Required work
Before copying, find the line below that contains "Once an Audi"; then return it and all later lines exactly, up to and including the final line, with no pictures.

**** Data for processing ****

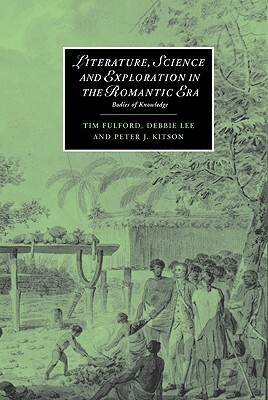 Literature, Science and Exploration in the Romantic Era: Bodies of Knowledge by Timothy Fulford, Peter J. Kitson, Debbie Lee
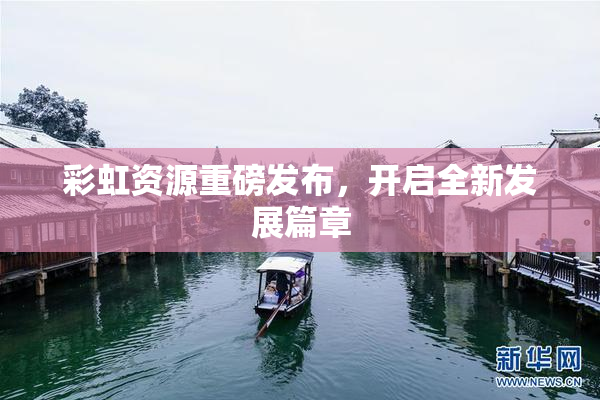 彩虹资源重磅发布，开启全新发展篇章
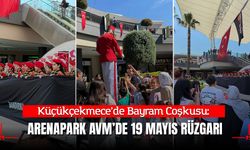 Küçükçekmece’de 19 Mayıs Coşkusu: ArenaPark AVM’de Gençlik Rüzgarı Esti!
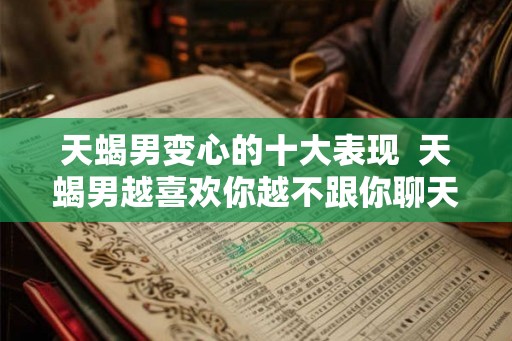天蝎男变心的十大表现  天蝎男越喜欢你越不跟你聊天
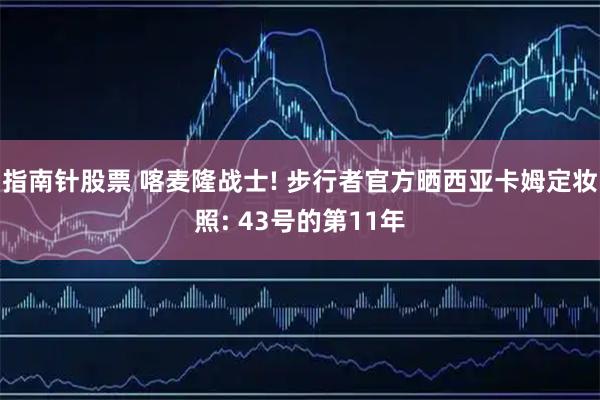 指南针股票 喀麦隆战士! 步行者官方晒西亚卡姆定妆照: 43号的第11年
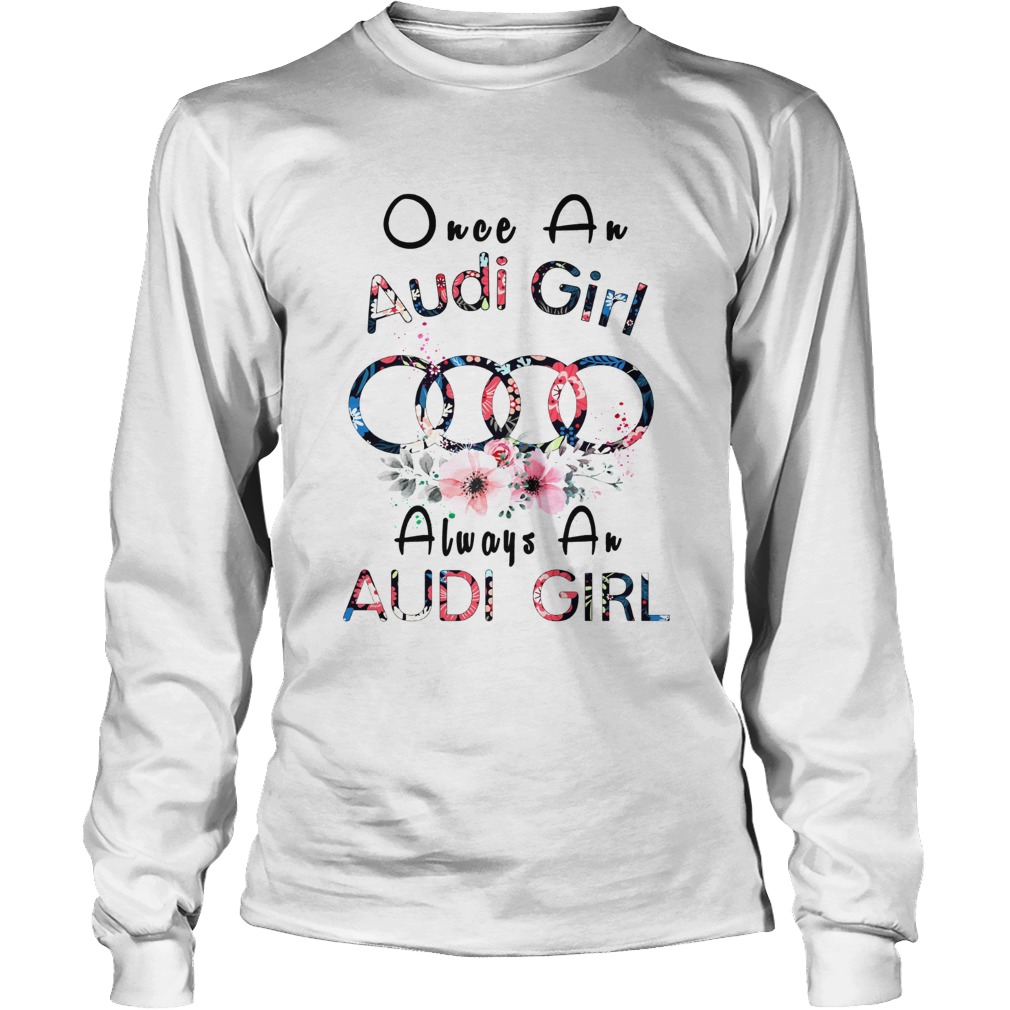 Once an Audi girl always a Audi girl LongSleeve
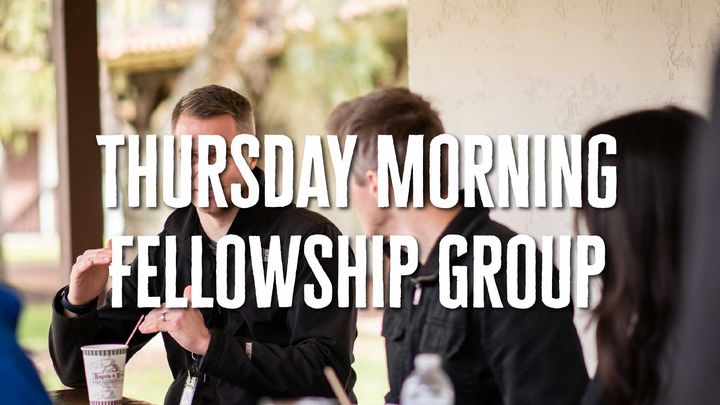 Thursday Morning Fellowship Group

****

Exercise answer
 Once an Audi girl always a Audi girl LongSleeve
 Thursday Morning Fellowship Group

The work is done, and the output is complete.